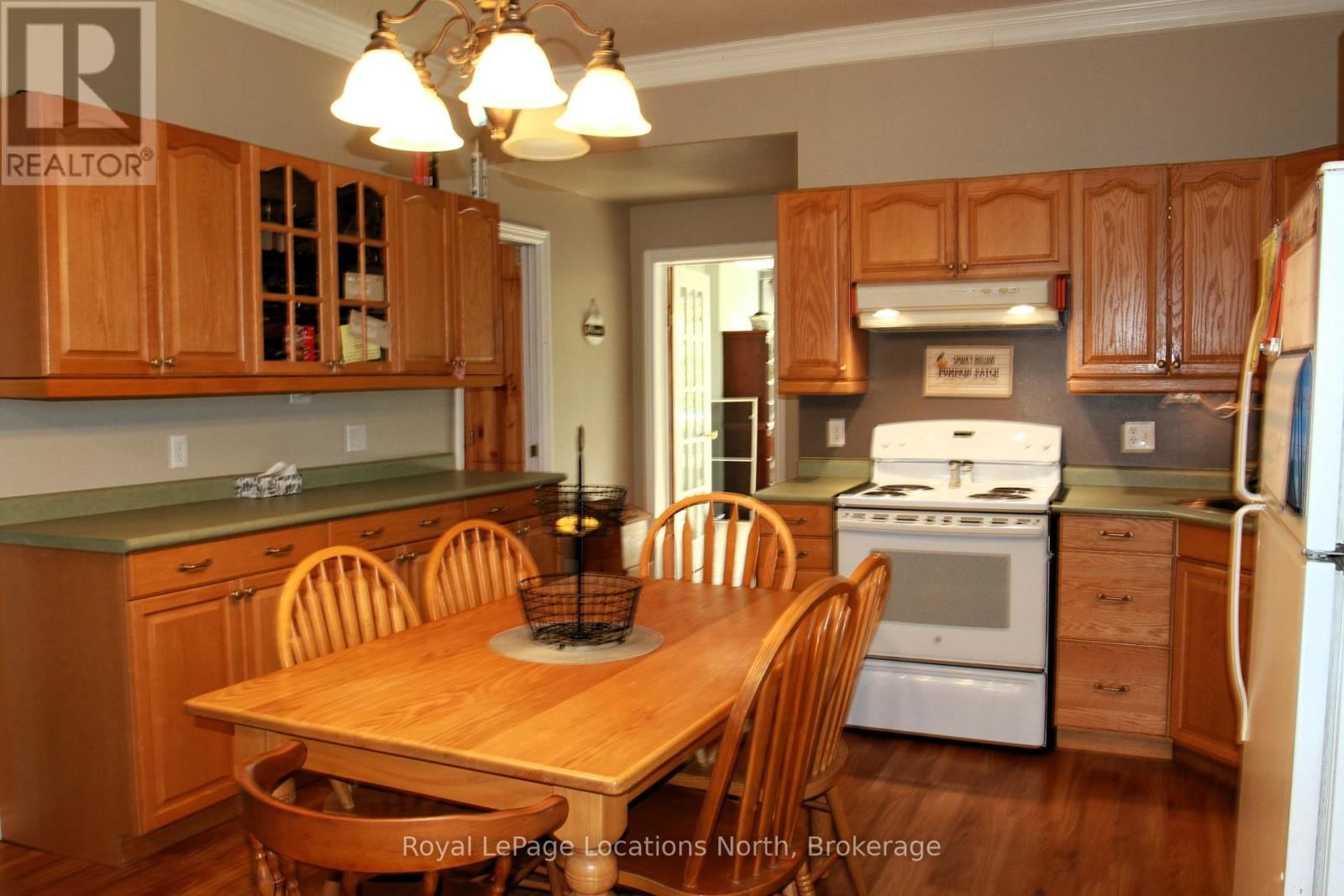 1539 6 CORNERS NORTH Image 9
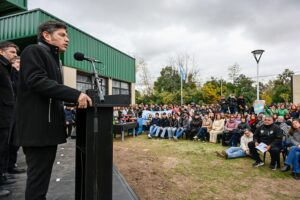 KICILLOF Y MORETTI RECONOCIERON A EX COMBATIENTES DE MALVINAS EN MARCOS PAZ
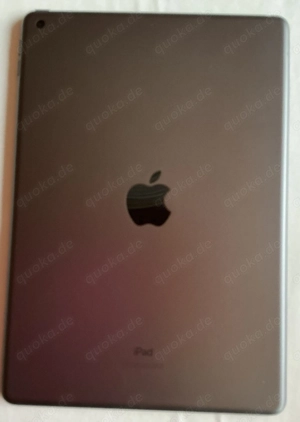 iPad 8. Gen - 10.2" - 128 GB - Wie neu - Display makellos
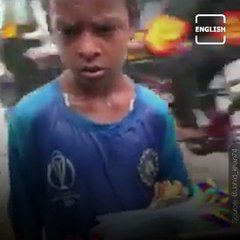 Here's How A Man Helped A Young Boy Selling Pens At Traffic Signal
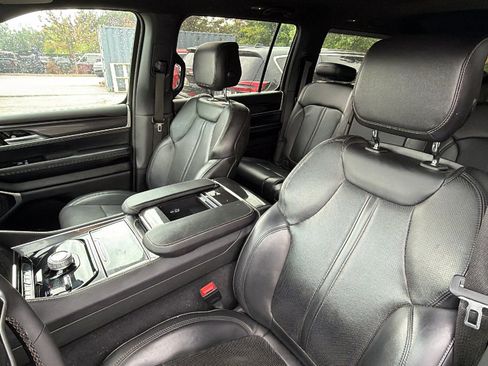 Used 2024 Jeep Wagoneer 4WD image 17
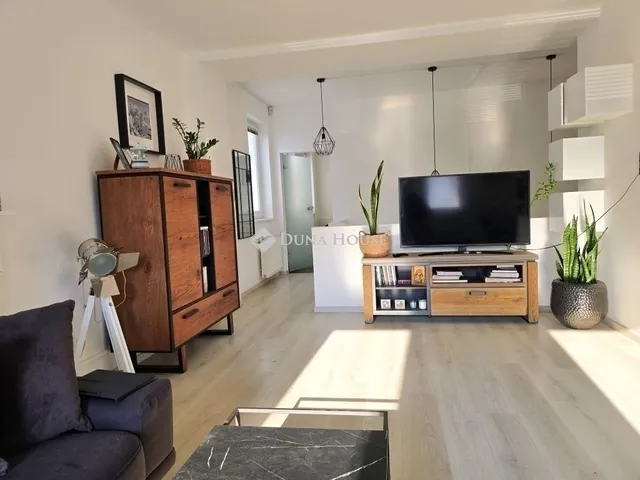 Eladó lakás Pécs 97 nm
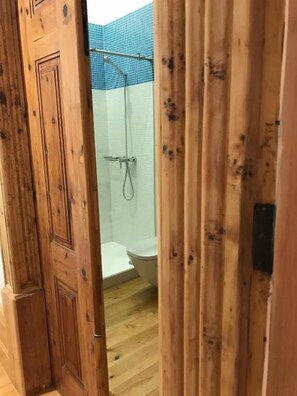 Shower, towels, soap, shampoo - Casa da Praça by PURUS (Coimbra)
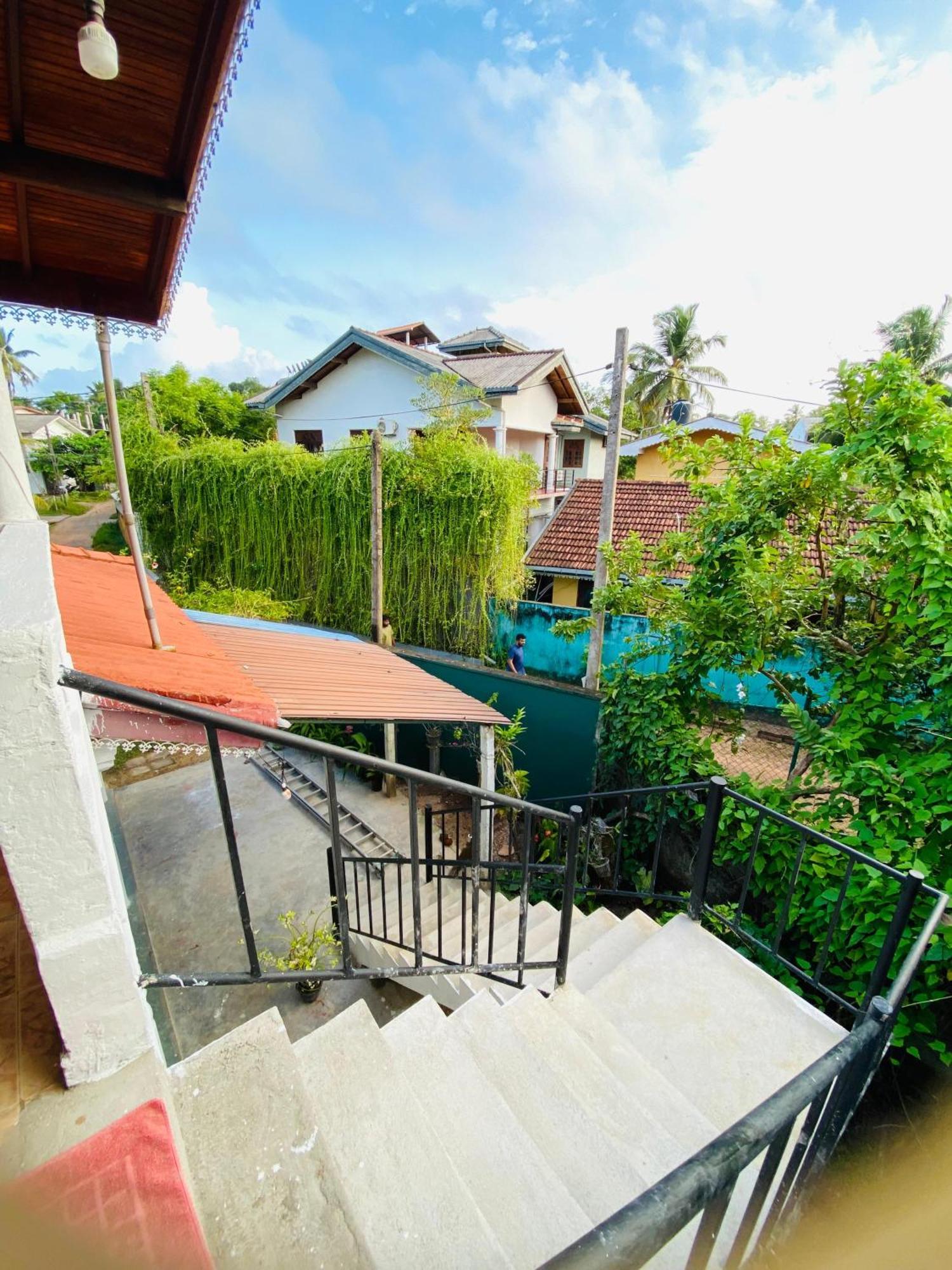 Alson Villa Hikkaduwa Exteriör bild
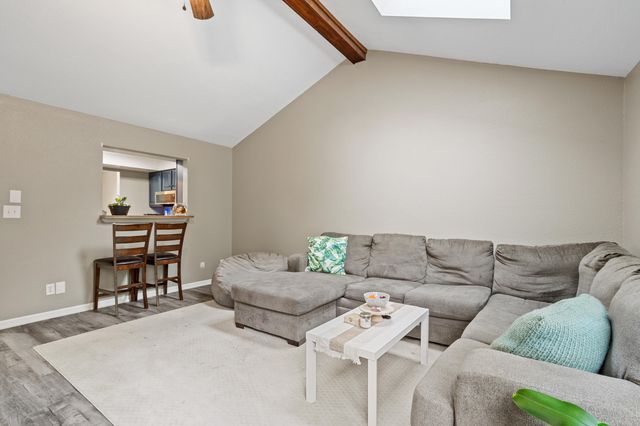 453 FOXFIRE DR, Columbia, MO 65201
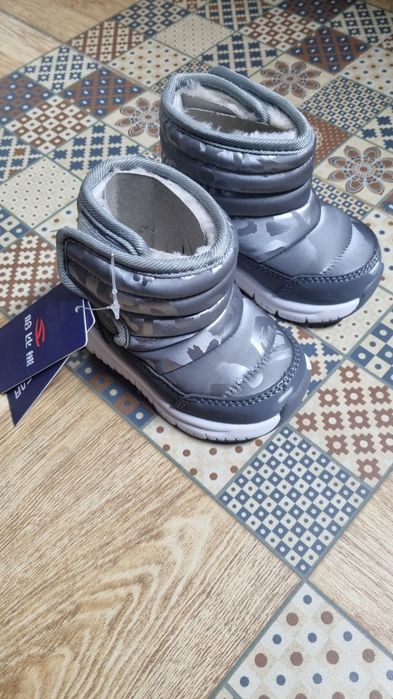 Зимние теплые легкие дутики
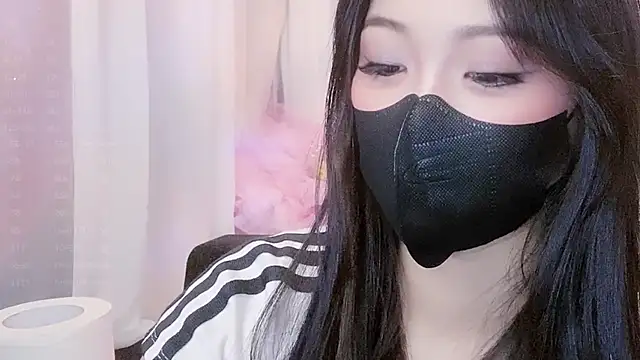 Snapshot of kemybaby chatting on April 2026 08:39:01 PM kemybaby online show from April 2026 08:39:01 PM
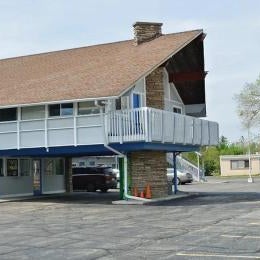 Capital O Clayton House Motel Rockford Near Airport Thumbnail
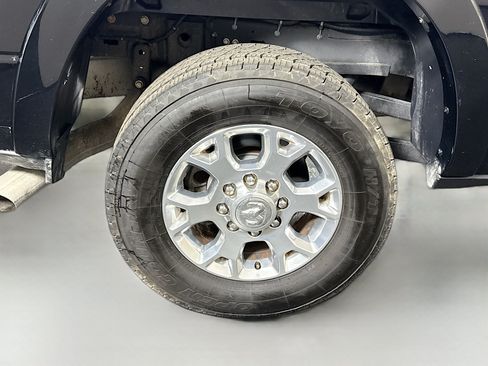 Used 2021 RAM 2500 Laramie AWD/4WD image 32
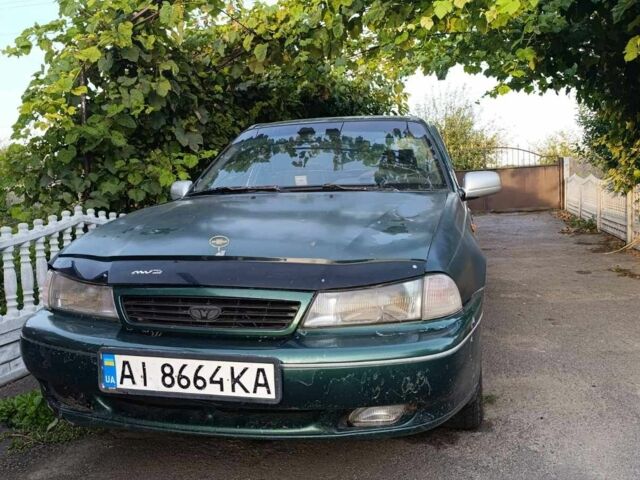 Зеленый Дэу Нексия, объемом двигателя 1.5 л и пробегом 300 тыс. км за 1000 $, фото 1 на Automoto.ua
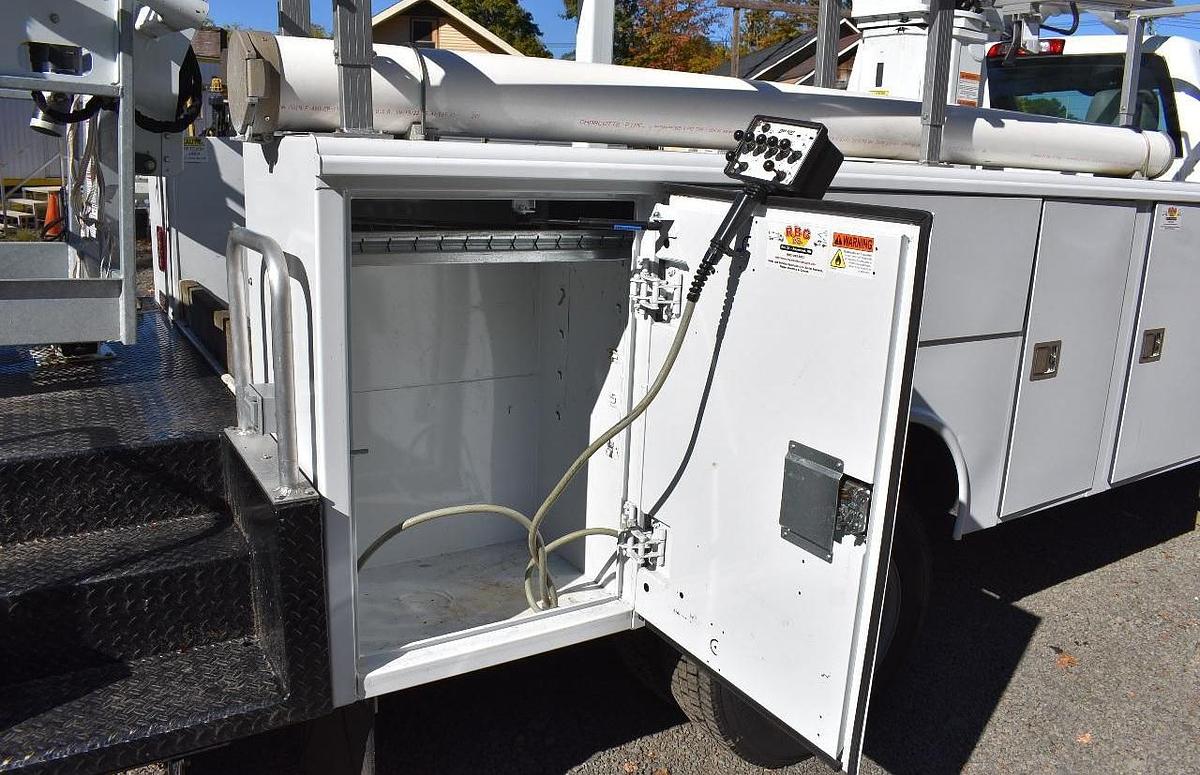 Used 2022 CHEVROLET 5500HD 4X4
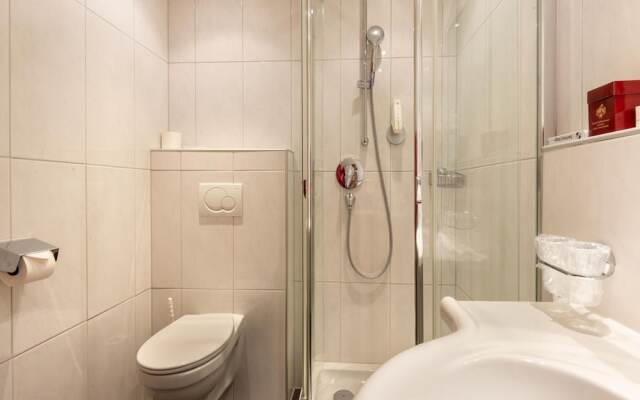 Apartment in Langenfeld With Recreation Room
================================
Task details: Keep the pictures out and write out the records exactly.

Answer box:
 1539 6 CORNERS NORTH Image 9
 KICILLOF Y MORETTI RECONOCIERON A EX COMBATIENTES DE MALVINAS EN MARCOS PAZ
 iPad 8. Gen - 10.2" - 128 GB - Wie neu - Display makellos
 Here's How A Man Helped A Young Boy Selling Pens At Traffic Signal
 Used 2024 Jeep Wagoneer 4WD image 17
 Eladó lakás Pécs 97 nm
 Shower, towels, soap, shampoo - Casa da Praça by PURUS (Coimbra)
 Alson Villa Hikkaduwa Exteriör bild
 453 FOXFIRE DR, Columbia, MO 65201
 Зимние теплые легкие дутики
 Snapshot of kemybaby chatting on April 2026 08:39:01 PM kemybaby online show from April 2026 08:39:01 PM
 Capital O Clayton House Motel Rockford Near Airport Thumbnail
 Used 2021 RAM 2500 Laramie AWD/4WD image 32
 Зеленый Дэу Нексия, объемом двигателя 1.5 л и пробегом 300 тыс. км за 1000 $, фото 1 на Automoto.ua
 Used 2022 CHEVROLET 5500HD 4X4
 Apartment in Langenfeld With Recreation Room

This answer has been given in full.